> Exercise: For this task, extract exactly the lines of the data below, from the line containing "DIAMOND HUGGIE EARRINGS" through the last one, with pictures left out.

> Excerpted records:
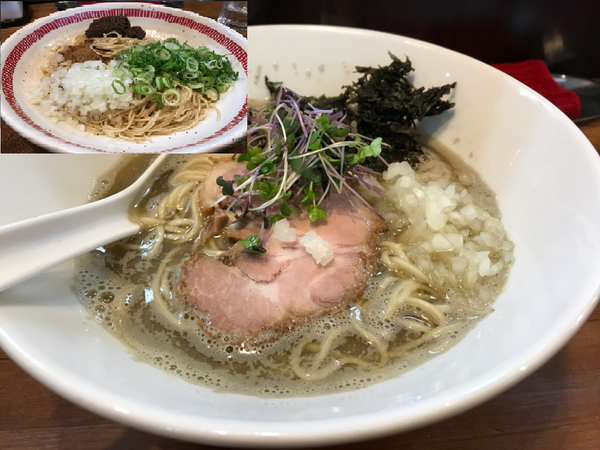 「煮干そば　850円　牡蠣和え玉　350円」@中華そば 煖々の写真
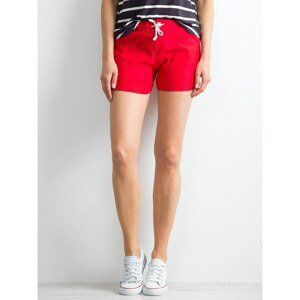 Red shorts with drawstring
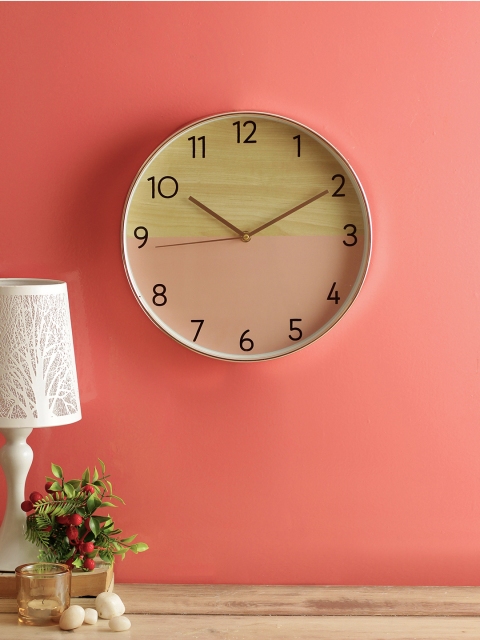 

House Of Accessories Pink & Beige Round Colourblocked Analogue Wall Clock 30cm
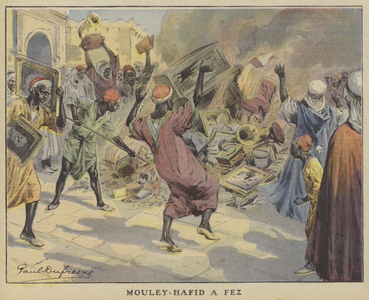 Abdelhafid in Fez, Morocco (colour litho)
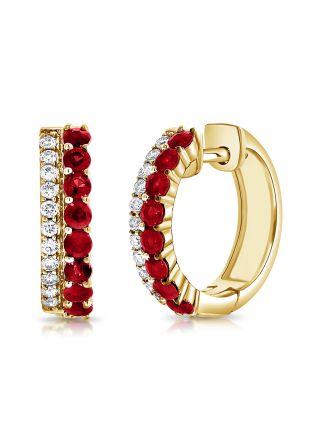 .89CT RUBY AND DIAMOND HUGGIE EARRINGS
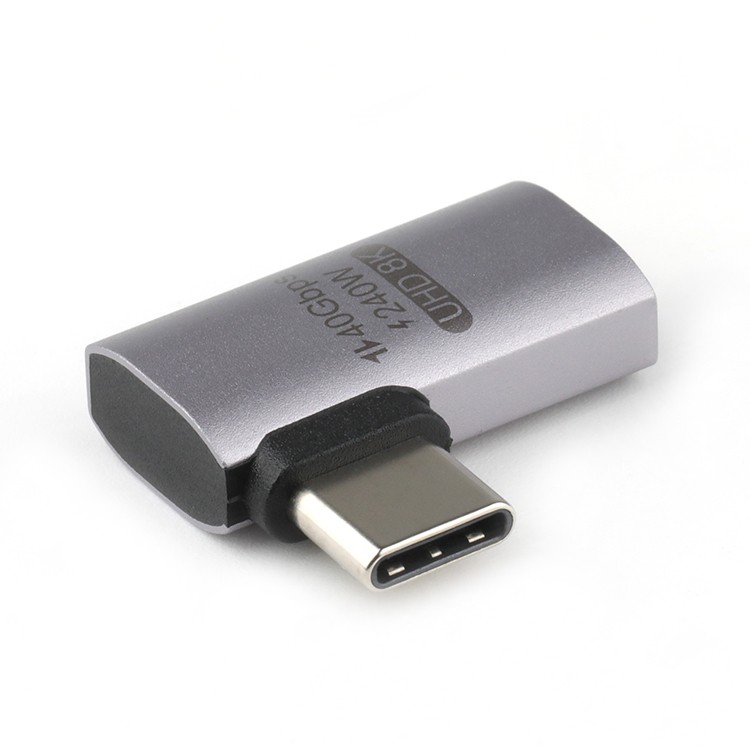 240W 40G 8K Upright USB 3.1 Type C Male To USB 3.1 Type C Female Adapter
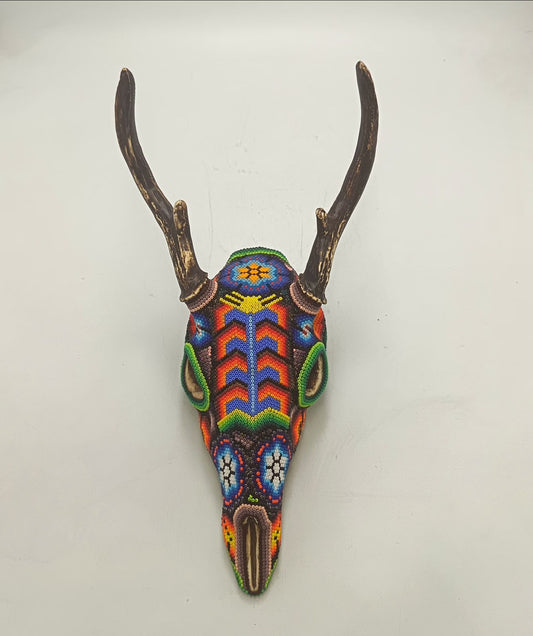 Huichol Hand Beaded Cast Resin Deer Skull By Honorio Villa Lopez PP9266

> Exercise output:
 .89CT RUBY AND DIAMOND HUGGIE EARRINGS
 240W 40G 8K Upright USB 3.1 Type C Male To USB 3.1 Type C Female Adapter
 Huichol Hand Beaded Cast Resin Deer Skull By Honorio Villa Lopez PP9266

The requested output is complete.